SOURCE RECORDS =>
[Start of section]

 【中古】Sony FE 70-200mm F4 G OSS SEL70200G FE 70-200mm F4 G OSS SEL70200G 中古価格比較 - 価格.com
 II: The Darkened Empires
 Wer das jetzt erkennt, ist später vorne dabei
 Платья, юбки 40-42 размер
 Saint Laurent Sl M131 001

[End of section]
[Start of section]

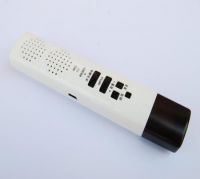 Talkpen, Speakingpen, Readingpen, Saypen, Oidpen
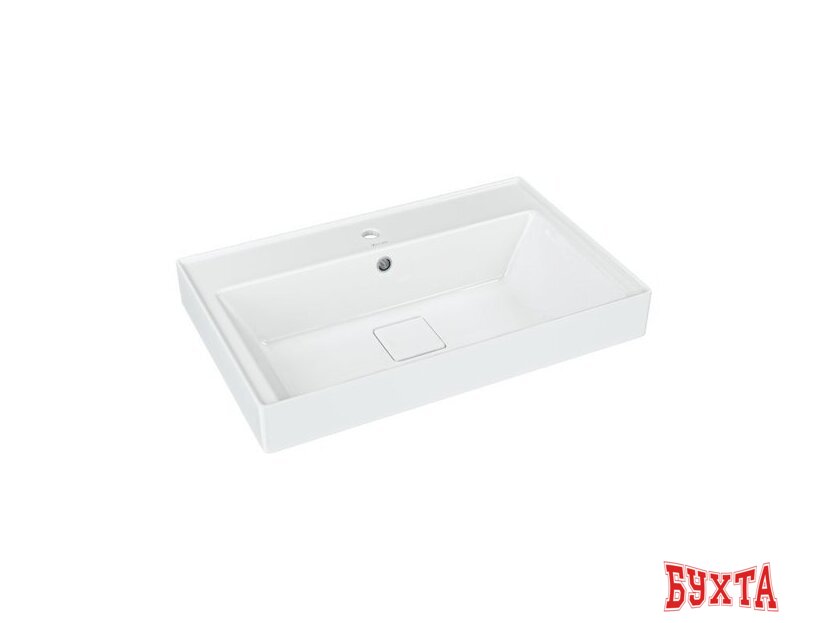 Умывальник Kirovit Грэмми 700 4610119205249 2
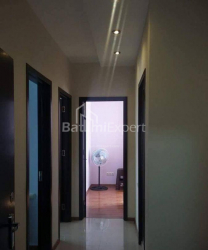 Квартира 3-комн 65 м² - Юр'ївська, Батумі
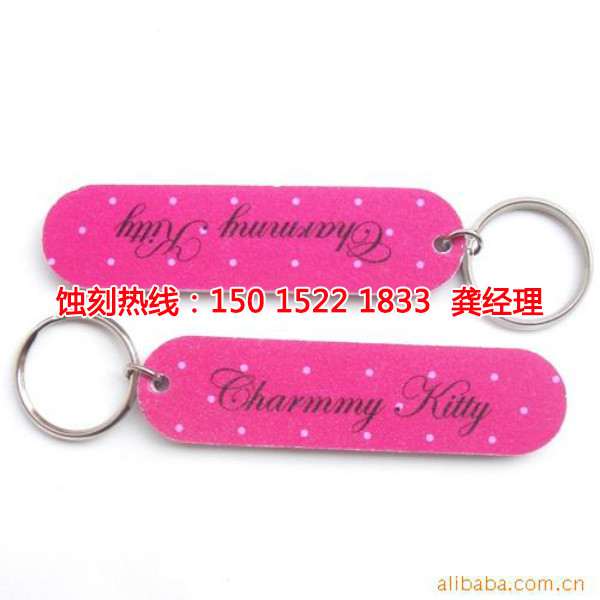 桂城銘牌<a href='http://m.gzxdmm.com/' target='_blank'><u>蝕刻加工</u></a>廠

[End of section]
[Start of section]

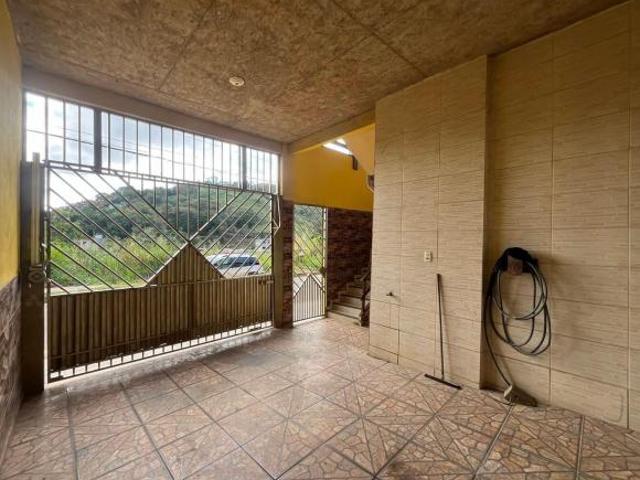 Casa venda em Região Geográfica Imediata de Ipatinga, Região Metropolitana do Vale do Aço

[End of section]

TASK TO CARRY OUT =>
Taking the lines above, repeat exactly those from the line that contains "中古価格比較 - 価格.com" through the line that contains "Saint Laurent Sl M131 001", and both of those lines as well. Include nothing else.

RESPONSE AREA =>
 【中古】Sony FE 70-200mm F4 G OSS SEL70200G FE 70-200mm F4 G OSS SEL70200G 中古価格比較 - 価格.com
 II: The Darkened Empires
 Wer das jetzt erkennt, ist später vorne dabei
 Платья, юбки 40-42 размер
 Saint Laurent Sl M131 001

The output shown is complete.